A parole sembra facile (o forse no?), ma sappiate che oltre all’abilità occorre avere una grossa dose di pazienza, con la consapevolezza di dover ripetere una boss fight anche una ventina di volte, magari perché soccomberete nell’ultima fase che, quindi, vi obbligherà a ricominciare lo scontro dall’inizio. Come detto prima, dipenderà tutto da voi, il gioco risponde istantaneamente con precisione ai vostri comandi, nonostante qualche rara volta mi siano capitati degli inspiegabile freeze da pochi decimi di secondo, un’infinità in un gioco del genere. Se però questi capitano durante sessioni molto concitate dell’azione, sono inspiegabili alcuni glitch e rallentamenti grafici nelle fasi di “esplorazione”, quando la calma e l’effettivamente poca presenza di dettagli a schermo dovrebbe far filare tutto liscio senza la minima esitazione.
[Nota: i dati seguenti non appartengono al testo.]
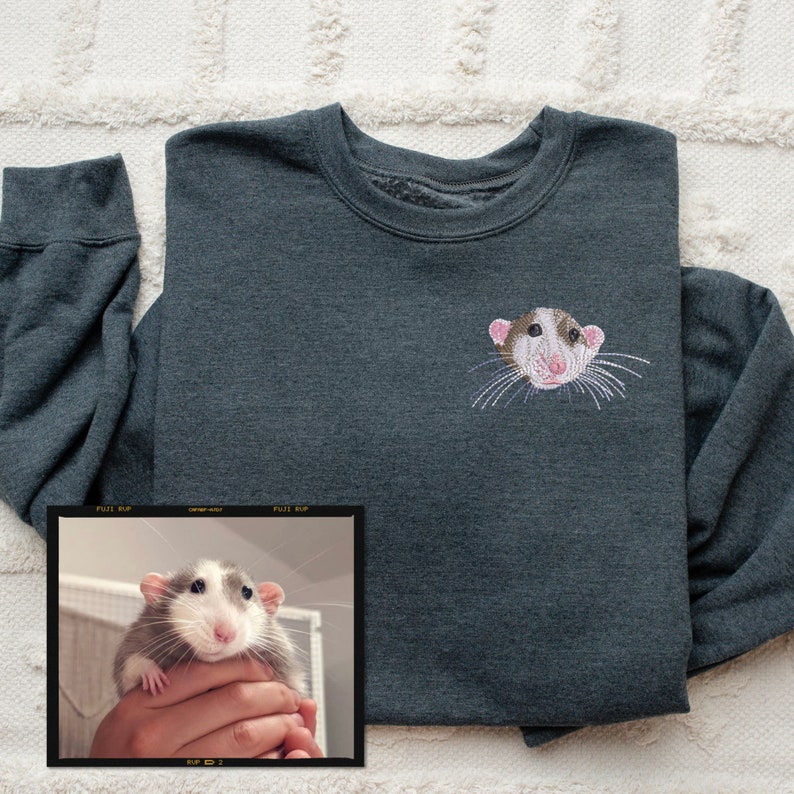 Gildan varsity crewneck sweatshirt in the color Dark Heather Grey with a custom embroidered pet rat stitched on the left chest.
Furi è pensato per far vivere un viaggio ai giocatori, ma la meta deve essere sudata; su questo è basata anche la longevità del gioco che fa della “ripetitività” il proprio punto di forza. Affrontare decine di volte lo stesso boss farà aumentare di molto le ore giocate e, nonostante ciò, non sentirete mai arrivare la noia, dal momento che il titolo ha sul giocatore l’effetto di fargli desiderare in tutti i modi di superare i propri limiti e rimediare ai propri errori. Ciononostante è possibile anche selezionare una difficoltà minore che però, oltre a far calare drasticamente le ore di gioco (in questa modalità potreste finire Furi anche in due ore), renderà la storia meno comprensibile, con alcuni dialoghi e fasi di boss fight completamente tagliate; un chiaro segno da parte degli sviluppatori che il gioco deve essere giocato alla difficoltà consigliata (così ci piace, ndDemetrio). Furi metterà a dura prova le vostre capacità, ma sicuramente non quelle di Nintendo Switch, che riesce quasi sempre a garantire i 60fps. Di certo non possiamo descrivere il comparto grafico di Furi come ricco di dettagli, ma ciò passa davvero in secondo piano quando uno stile così particolare fa mostra di luci, neon e inquadrature mozzafiato; uniamo al tutto una colonna sonora magistrale che, con tracce elettroniche anni ’80, immergono completamente nei combattimenti, ricordando moltissimo il lavoro fatto dai Daft Punk in Tron Legacy, che con Furi condivide luci e combattimenti teatrali.
Anche Nintendo Switch può finalmente godere di questa piccola gemma, sicuramente non perfetta, ma che nella sua semplicità riesce a coinvolgere il giocatore tanto da far diventare le boss fight una sfida con sé stessi, più che contro l’aguzzino del nostro alter ego. Forse giocarlo in modalità portatile, vista la grandezza dello schermo e le lunghe e frenetiche sessioni di gioco, non è l’ideale, ma possiamo dire che Furi è riuscito a conquistare la console ibrida giapponese che speriamo sopravviva alle vostre sfuriate di rabbia per l’ennesima sconfitta. D’altronde il titolo del gioco ci avverte fin dall’inizio.